→ Assigned task
All entries below must be retyped exactly, though pictures are to be skipped.

→ Exercise material
++++
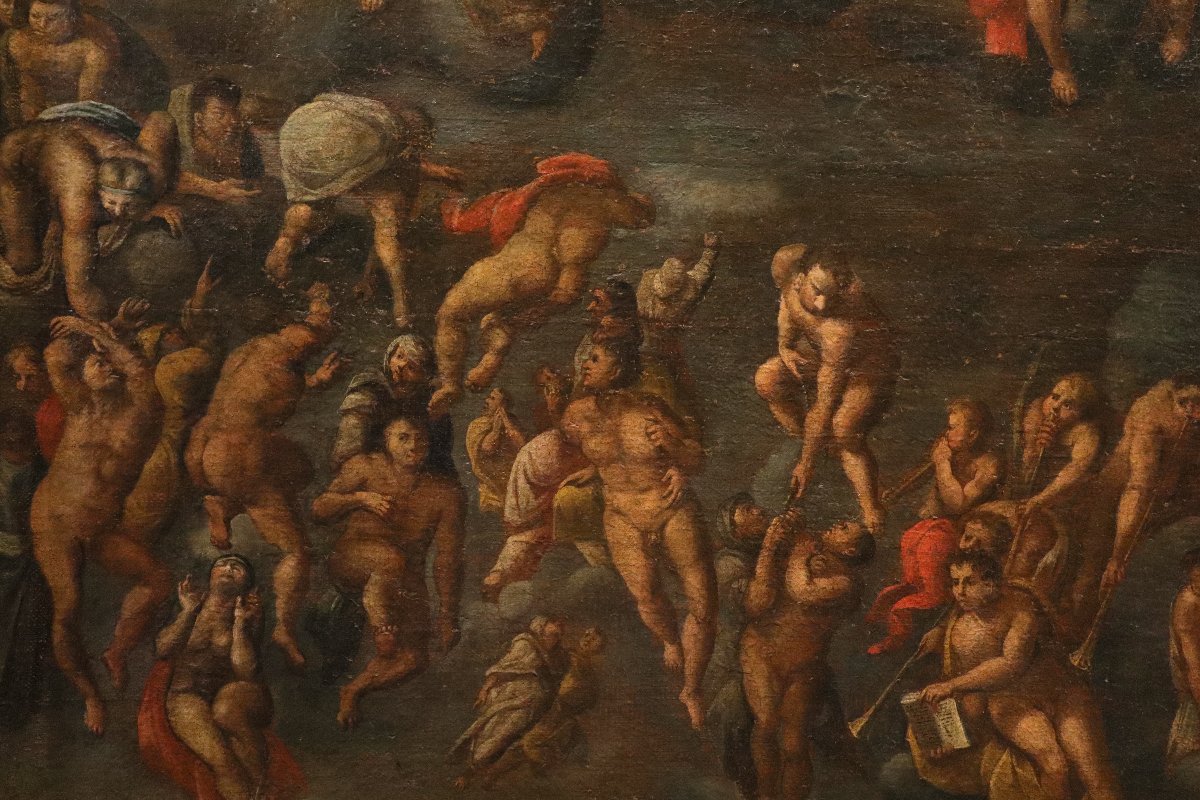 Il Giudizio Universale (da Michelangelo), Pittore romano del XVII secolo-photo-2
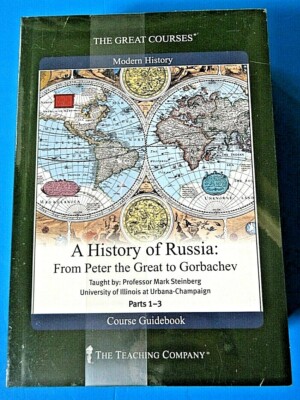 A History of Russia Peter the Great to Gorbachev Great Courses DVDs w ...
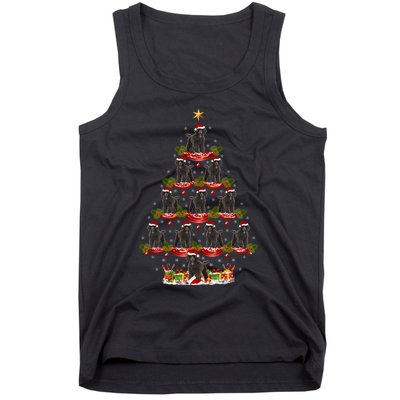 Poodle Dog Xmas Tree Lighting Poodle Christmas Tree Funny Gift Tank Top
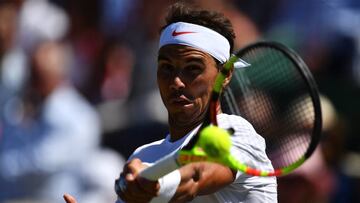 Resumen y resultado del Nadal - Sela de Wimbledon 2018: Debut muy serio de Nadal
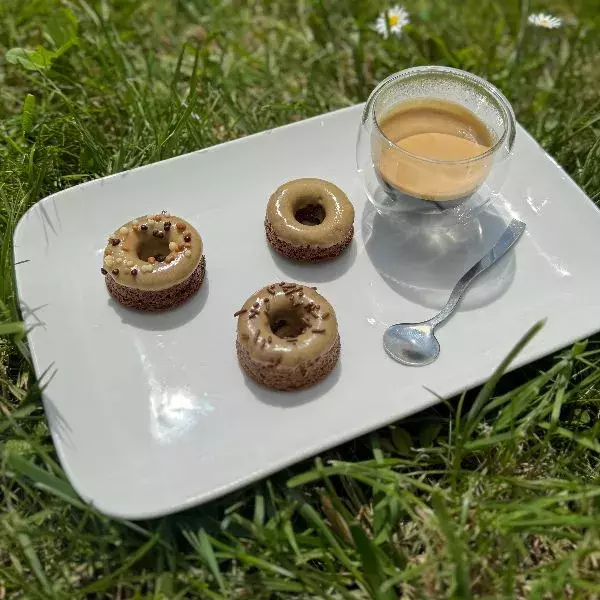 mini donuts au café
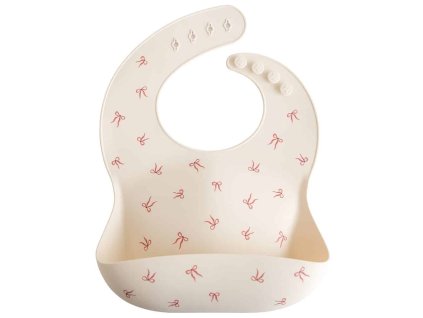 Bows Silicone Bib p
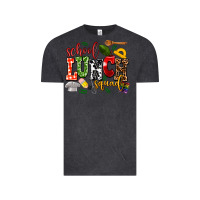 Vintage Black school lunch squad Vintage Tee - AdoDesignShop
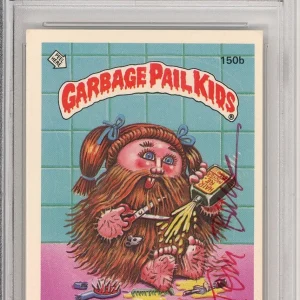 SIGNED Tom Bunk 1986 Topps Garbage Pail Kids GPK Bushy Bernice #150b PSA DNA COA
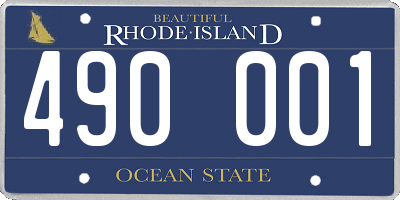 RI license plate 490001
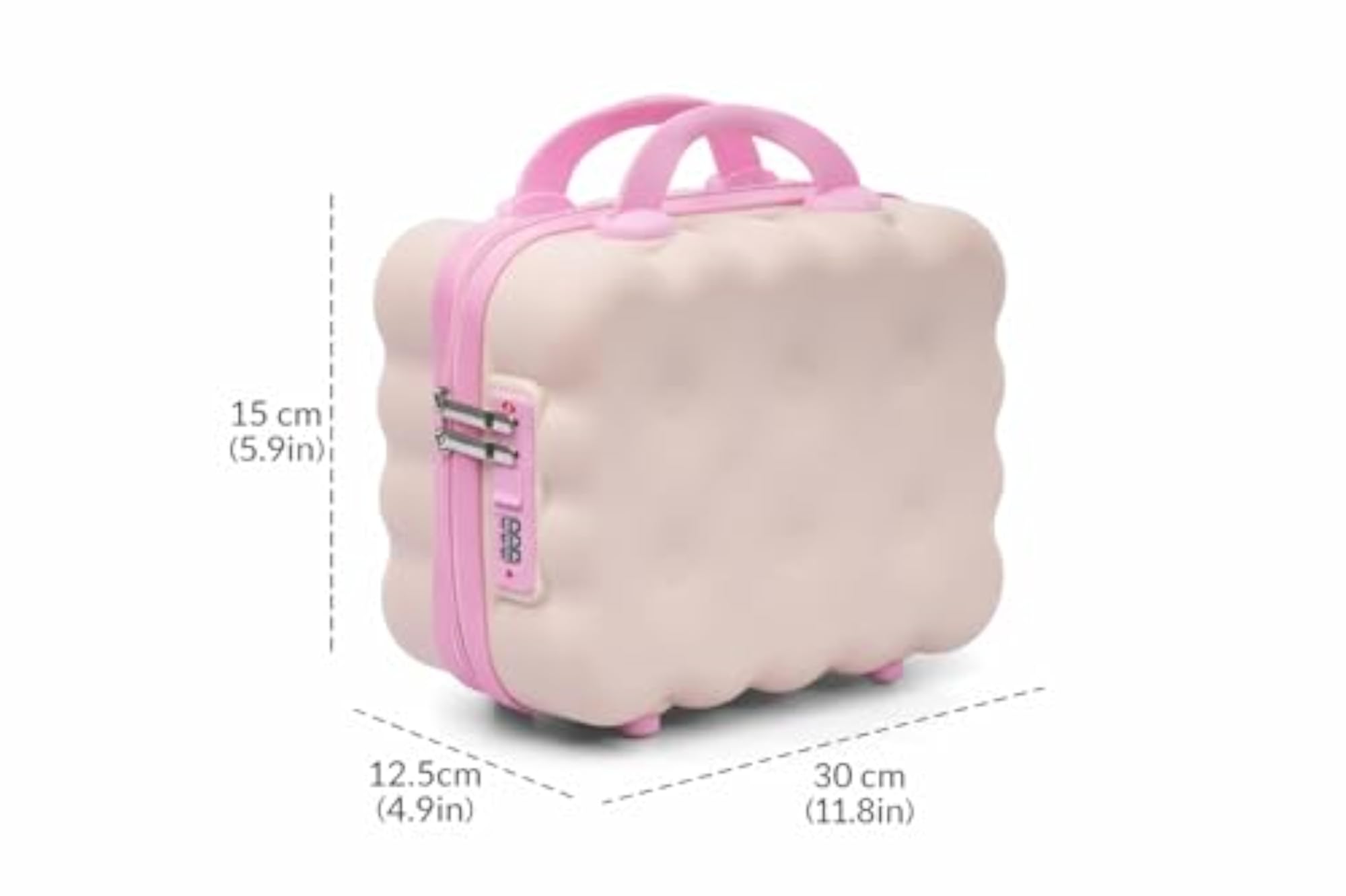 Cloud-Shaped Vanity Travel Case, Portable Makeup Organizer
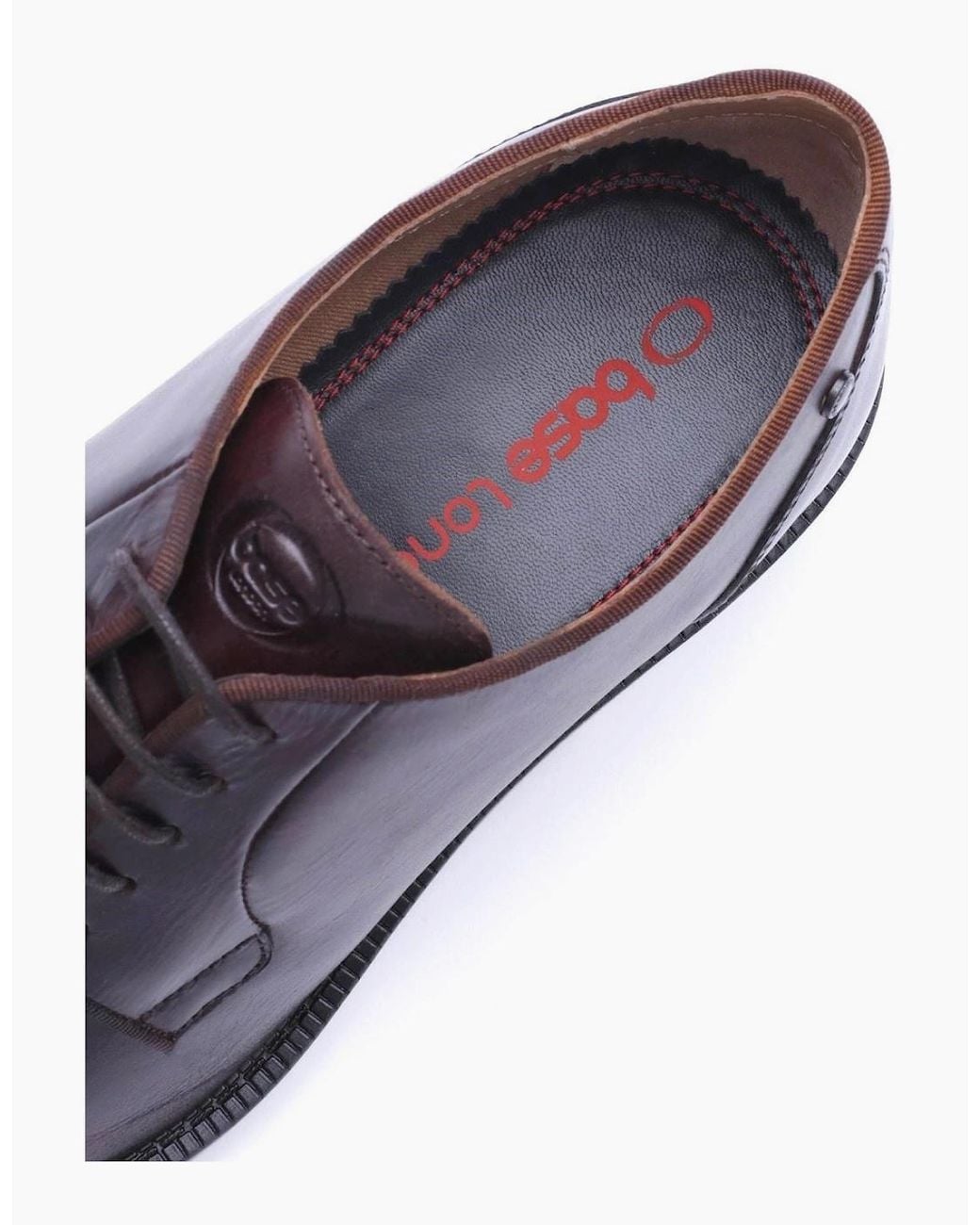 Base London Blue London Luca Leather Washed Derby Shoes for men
++++
→ Exercise result
 Il Giudizio Universale (da Michelangelo), Pittore romano del XVII secolo-photo-2
 A History of Russia Peter the Great to Gorbachev Great Courses DVDs w ...
 Poodle Dog Xmas Tree Lighting Poodle Christmas Tree Funny Gift Tank Top
 Resumen y resultado del Nadal - Sela de Wimbledon 2018: Debut muy serio de Nadal
 mini donuts au café
 Bows Silicone Bib p
 Vintage Black school lunch squad Vintage Tee - AdoDesignShop
 SIGNED Tom Bunk 1986 Topps Garbage Pail Kids GPK Bushy Bernice #150b PSA DNA COA
 RI license plate 490001
 Cloud-Shaped Vanity Travel Case, Portable Makeup Organizer
 Base London Blue London Luca Leather Washed Derby Shoes for men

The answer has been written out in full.